The old World Trade Center towers sat on a barren, windswept plaza that cut off the city's street grid. That plaza was not a good setting to spark a romance, or even to linger for very long. At the same time that it was being built, however, a new breed of urbanists were revolting against life-sucking megalith buildings set on "superblocks."
After Sept. 11 the public demanded that the new World Trade Center plaza abandon the "superblock" style and let Manhattan's streets run through. The site is now supposed to be the kind of place, according to Port Authority Executive Director Chris Ward, "for a couple to meet in the early evening before a date."
And there will be many more couples nearby to take advantage of that opportunity. The Financial District is now far more diverse than it was ten years ago, with many more actual residents.
But will any of them want to meet up on the 9/11 Memorial Plaza, with its inevitable heavy security and somber bronze panels inscribed with victims' names?

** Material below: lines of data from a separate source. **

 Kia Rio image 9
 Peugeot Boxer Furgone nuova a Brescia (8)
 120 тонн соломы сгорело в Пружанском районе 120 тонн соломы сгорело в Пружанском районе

Will it be filled with, in the words of Bloomberg Businessweek, "willowy assistants from Vogue flirting with bankers from the new Goldman Sachs building just across the street"?
On Wednesday, as Ward and others intimately involved in the rebuilding of Ground Zero -- Mayor Michael Bloomberg, real estate titan Larry Silverstein, site master planner Daniel Libeskind and Memorial Plaza architect Michael Arad -- gathered at 7 World Trade Center overlooking the site, that was a little hard to believe. The overcast sky pelted the plaza with rain, and the water in its twin reflecting pools swirled downward as if into a bottomless void. The runty trees lining the plaza, grown specifically for the site, don't look like they will provide much in the way of protection from sun or shower any time soon.
Arad, who was largely unknown before he won the design commission, believes the site will grow into its own. Although the Memorial Plaza officially opens to the public on Monday, Sept. 12, prospective visitors will still need a ticket to enter the site. For now, Arad acknowledged, his plaza is a place "to make you think...what we've lost."
But, he added, "it's critical to think of the site as a living part of the city." He pointed to other memorials -- like Washington Square Park -- that New Yorkers, including himself, visited to relieve stress after the Sept. 11 attacks.
"Trust in the resiliency of this public space," he said. For now, it is in an "interim stage." Only in mid-2013 will the streets finally connect back to the grid. In the meantime, the plaza will be mostly a memorial only.
Arad found "some beauty" in the process of reconnection.
"Gradually, like a wound that is healing," he said, the plaza will become a part of the city's daily life.